# Morgan's Blue Mountain Lager Question



## solidghost (15/4/08)

I had justed brewed my morgan's blue mountain lager with lager malt extract. I don't know why but the wort looks very dark in colour. In fact, it looks darker than my australian pale ale, which is surprising because I had thought that the lager will be lighter than a pale ale.







I was wondering whether this is the problem with the morgan's kit or was it something else.


----------



## matti (15/4/08)

Concentrated malts give a darker colour generally.
If you say it darker then the pale ale malt it could be that the last can is a wee bit old.
Malt goes darker with age.


----------



## Fatgodzilla (15/4/08)

matti said:


> Concentrated malts give a darker colour generally.
> If you say it darker then the pale ale malt it could be that the last can is a wee bit old.
> Malt goes darker with age.



"Lager" has more to do with the yeast used and the cold conditioning process involved than the colour of the wort. Don't think cos Fosters Lager is pale that all lagers should be pale. Otherwise we wouldn't have czech dark lagers. And I'm told Tooheys Old is fermented with a lager yeast.

Morgans BML is a darker colour malt that settles out well in the fermentation. My only complaints is that I found its a cloying flavour soon after bottling that need several months of good cool bottle conditioning to overcome.


----------



## microbe (15/4/08)

I've always found that product dark for a supposed 'lager'. However it's one of my favourite and most repeated kits.

Aesthetics is over-rated. 

Cheers,

microbe


----------



## solidghost (15/4/08)

Thanks guys. I had always thought that this lager would be much golden then black. The pictures they show seems to indicate it as well.


----------



## DKS (18/4/08)

microbe said:


> I've always found that product dark for a supposed 'lager'. However it's one of my favourite and most repeated kits.
> 
> Aesthetics is over-rated.
> 
> ...



Hi microbe, I made up a Blue Mt lager last week end. I used the supplied yeast, (type unknown), and added dry malt & powdered corn syrup. I havent heard a bad report yet on any Blue Mt recipe.Sounds like youve done a few Mind passing on your best?


Daz


----------



## Daawl (18/4/08)

DKS the yeast with all morgans kits is the good old 514.

My fave blue mountains is simply mix with the brewcraft #40 australian lager converter.

I have just put one down with a #62 Czech converter. Ment to be good, time will tell.

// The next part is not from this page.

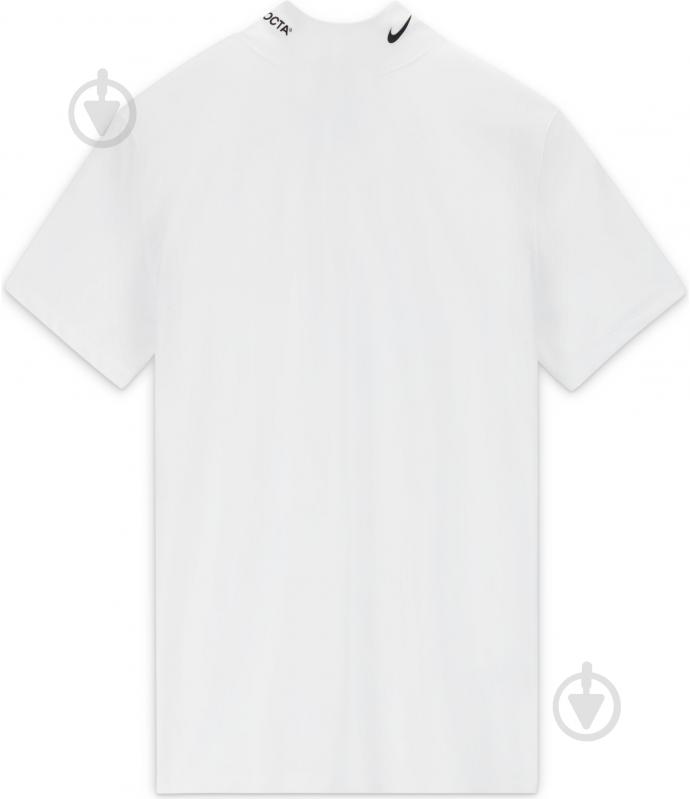 ᐉ Футболка Nike M NRG NOCTA MOCK NECK SS TOP DJ5576-100 р.S белый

I use s23 for both, for a better/true lager yeast

Daawl


----------



## DKS (18/4/08)

Daawl said:


> DKS the yeast with all morgans kits is the good old 514.
> 
> My fave blue mountains is simply mix with the brewcraft #40 australian lager converter.
> 
> ...



Good one, as i said i havent heard of a bad one yet, good luck with it.
The s23 is that the saflager? Ive been tryin to find a list of what product codes are what yeasts but its blood from a stone stuff. They ( Coopers Morgans etc etc)dont want to give too much away do they?
Any idea where to find out?

Thanks
Daz


----------



## sponge (18/4/08)

That'll give you a fair idea on all the "Saf....." yeast you keep hearing about

http://www.fermentis.com/FO/EN/06-Ales/30-10_product_hb.asp

and yes, the s23 is the lager yeast


----------



## Daawl (18/4/08)

> Ive been tryin to find a list of what product codes are what yeasts but its blood from a stone stuff



right there with you.



> The s23 is that the saflager?



Yes mate I get the Saflager 23 seperate from the kits.

I found out from a rep that they only use a version of 514 even in their "Lager yeasts" and that was almost by mistake and a bit of pestering.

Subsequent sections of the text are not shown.